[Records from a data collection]
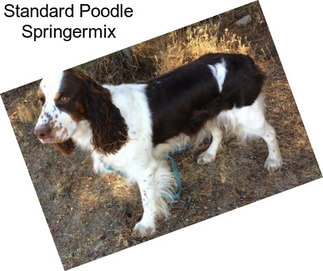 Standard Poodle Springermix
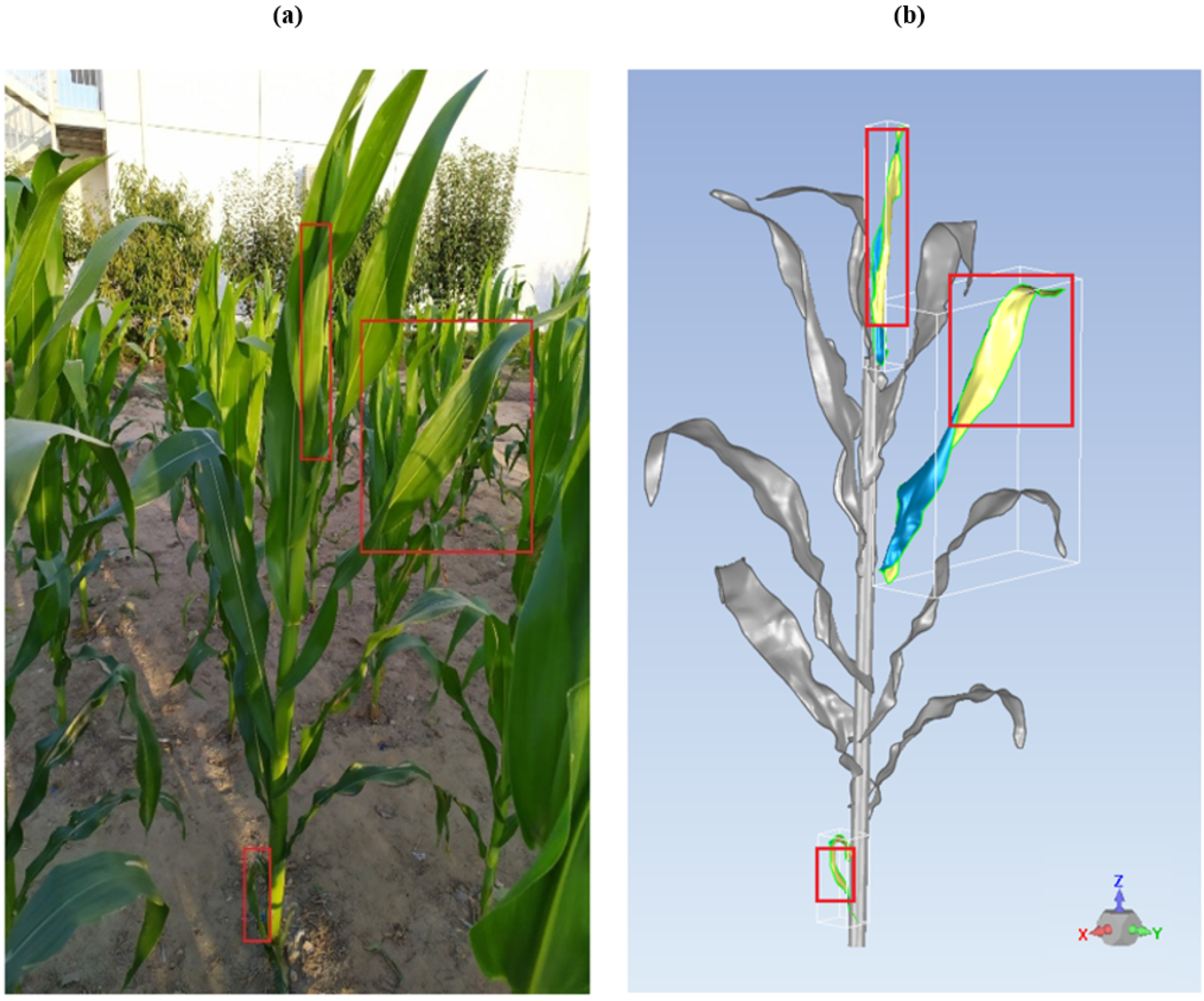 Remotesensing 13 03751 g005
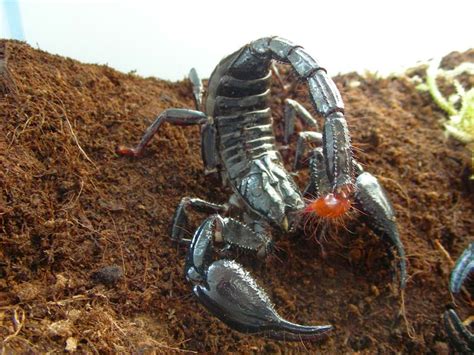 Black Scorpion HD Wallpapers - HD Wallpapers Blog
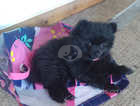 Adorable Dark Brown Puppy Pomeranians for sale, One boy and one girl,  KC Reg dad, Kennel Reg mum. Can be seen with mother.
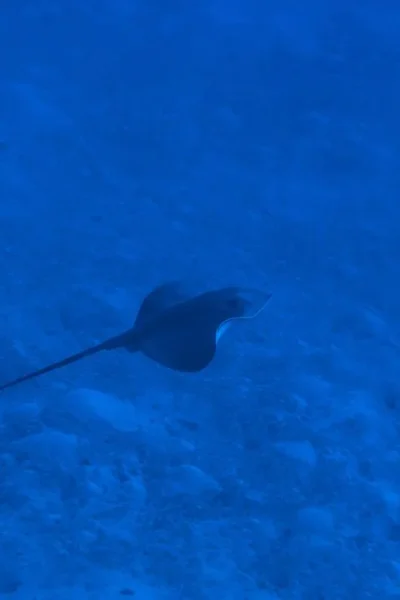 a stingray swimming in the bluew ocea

(WHAT TO PRODUCE): Would you return all of the data above word for word, omitting every picture?

(SOLUTION):
 Standard Poodle Springermix
 Remotesensing 13 03751 g005
 Black Scorpion HD Wallpapers - HD Wallpapers Blog
 Adorable Dark Brown Puppy Pomeranians for sale, One boy and one girl,  KC Reg dad, Kennel Reg mum. Can be seen with mother.
 a stingray swimming in the bluew ocea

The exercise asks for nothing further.